Miriam Cahn, via Art Observed
Miriam Cahn, via Art Observed

At its core, the show takes explicit interest in an extended history of relations between Germany and Greece, delving as far back as the writings of Johann Winckelmann, whose early fetishism of the Greek ideal helped lay the groundwork for the ethos of Aryanism at the heart of the Nazi party centuries later.  Winckelmann’s writing conjured a deep-seated romanticism for the Greek ideals, and in part the later occupation of Greece by King Otto of Bavaria, who took power over the country in 1832.  Examining the relation between nations in a long scope, the show’s engagement with Greece’s modern austerity program (led by German Chancellor Angela Merkel) takes on a deeper resonance with the ongoing history of German power exercised in the country.  This is a show about history, namely, who gets to write it, and what cultures end up subjected to the often punishing aftershocks of cultural collision.
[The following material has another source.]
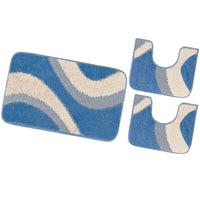 Tappeto Bagno Parure Set 3 Pezzi Made in Italy Antiscivolo Shaggy 3D Moderno Assorbente Azzurro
Maria Lai, via Art Observed
Maria Lai, via Art Observed

Lynda Benglis, via Art Observed
Lynda Benglis, via Art Observed

Cecelia Vicuna Qipu, via Art Observed
Cecelia Vicuna Qipu, via Art Observed

Cecelia Vicuna Qipu, via Art Observed
Cecelia Vicuna Qipu, via Art Observed

Bia Daou, via Art Observed
Bia Daou, via Art Observed

Taking this prompt as a starting point, this year’s Documenta spreads its various branches across both cities, allowing a broad and ongoing engagement with the various locales and political situations of the city itself.  Chief among these is the recently completed EMST Museum in Athens, the Greek nation’s first museum for contemporary art, only completed recently in the face of massive budgetary cutbacks, and which here serves as a core symbol for both the country’s continued struggle in the face of European financial power, even as it seeks to build its own culture industries.  A similar sense of cultural struggle is perhaps best explored in Kassel, through Marta Minujin’s iconic sculpture, Parthenon of Books, installed in the Friedrichsplatz, and previously installed in Athens in 2014.  The symbolism is striking, referencing both the deep impact of Greek thought on the culture of the West, but equally the threads to censorship and violence that have played out across the Greek and German nations.  The Friedrichsplatz was once the site of book burnings during the Nazi reign over Germany, and the Fridericianum was bombed by Allied forces during WWII, resulting in the loss of many of the city’s books.  This event is tacitly echoed to in another work by Daniel Knorr, with the artist setting up a machine to pump smoke out of the tower of the Fridericianum.  Knorr is also presenting work at the Athens Conservatoire, where he is creating book works out of strange assemblages of material, culled from a massive pile of objects slumping down one wall of the space.

Danil, via Art Observed
Danil, via Art Observed

Daniel Knorr, via Art Observed
Daniel Knorr, via Art Observed

Daniel Garcia Andujar, Disasters of War (Detail), via Art Observed
Daniel Garcia Andujar, Disasters of War (Detail), via Art Observed

Threads of value exchange and extraction run throughout the exhibition, and is grounded in particular by one of the show’s more daring curatorial moves.  The Fridericianum is currently housing much of the collection of the EMST, a coy move that echoes the austerity measures imposed on Greece by the German state and its fellow partners in the EU.  Greek treasures of contemporary art have traveled to Kassel, where visitors can view installations and sculptures by Jannis Kounnellis and Yorgos Lazongas, pulled from the Greek vaults and put on view for the visitors to Kassel.  In Athens, works on view at the EMST play on similar notions.  Marta Minujin’s work on view at the museum Payment of the Greek Debt to Germany with Olives and Art proposes just that, using the artist’s act of accumulation as a way to comment on the futility of endless resource pillaging from the Greek nation.  Nearby, Daniel Garcia Andujar’s The Disasters of War plays on Greek mythology and aesthetics through the lens of modern reproduction techniques, posing a question on the state of Greek culture in an era when the nation itself is plunged into such brutal financial straits.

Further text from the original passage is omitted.